Welcome to the official TTC game! Good luck! Hoping for a speedy BFP for you!


----------



## Mondie

Well I'm 4dpo so fingers crossed for a sticky this month. 

Welcome Plex, hope you get a bfp very soon.

Itsawonder, I'll keep my my fingers crossed for a bfp for you too

Xx


----------



## Mondie

Hope you are all well? I'm currently 10dpo today and have what looks like a faint bfp on an ic. What do you ladies think? Am I seeing something that's not there, it seems to be pink in colour? Maybe I'm clutching at straws!
 



Attached Files:







image.jpg
File size: 16.3 KB
Views: 23


----------



## rmsh1

I think I can see something but it is hard to tell on my phone :)


----------



## Spudtastic

I can see something too. I reckon you'd see it on a frer now if you can get your hands on one. Good luck.


----------



## MeganS0326

Mondie I totally see that. I vote BFP!! Can't wait for next test!!!


----------



## Mondie

MeganS0326 said:


> Mondie I totally see that. I vote BFP!! Can't wait for next test!!!
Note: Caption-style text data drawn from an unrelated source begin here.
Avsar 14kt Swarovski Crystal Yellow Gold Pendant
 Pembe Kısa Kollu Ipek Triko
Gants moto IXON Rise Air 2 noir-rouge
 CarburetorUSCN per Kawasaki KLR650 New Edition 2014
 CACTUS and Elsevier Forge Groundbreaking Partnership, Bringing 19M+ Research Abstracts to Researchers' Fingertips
Did a frer this morning, looks like a proper bfp today!!
 



Attached Files:







image.jpg
File size: 12.9 KB
Views: 16


----------



## mitchnorm

Mondie said:


> MeganS0326 said:
> 
> 
> Mondie I totally see that. I vote BFP!! Can't wait for next test!!!
> 
> Did a frer this morning, looks like a proper bfp today!!Click to expand...

Yay definately BFP...congratulations x x:happydance:


----------



## Spudtastic

Congratulations mondie :happydance::happydance::happydance::happydance::happydance:


----------



## MeganS0326

Congrats!!! So happy for you!!!


----------



## ItsAWonder

That's a BFP if I've ever seen one!!! Congrats!!!

I will ovulate soon, probably w/in the next three days but I'm not completely sure. I hope some of the BFP luck in this group rubs off!


----------



## MrsTB

Mondie said:


> MeganS0326 said:
> 
> 
> Mondie I totally see that. I vote BFP!! Can't wait for next test!!!
> 
> Did a frer this morning, looks like a proper bfp today!!Click to expand...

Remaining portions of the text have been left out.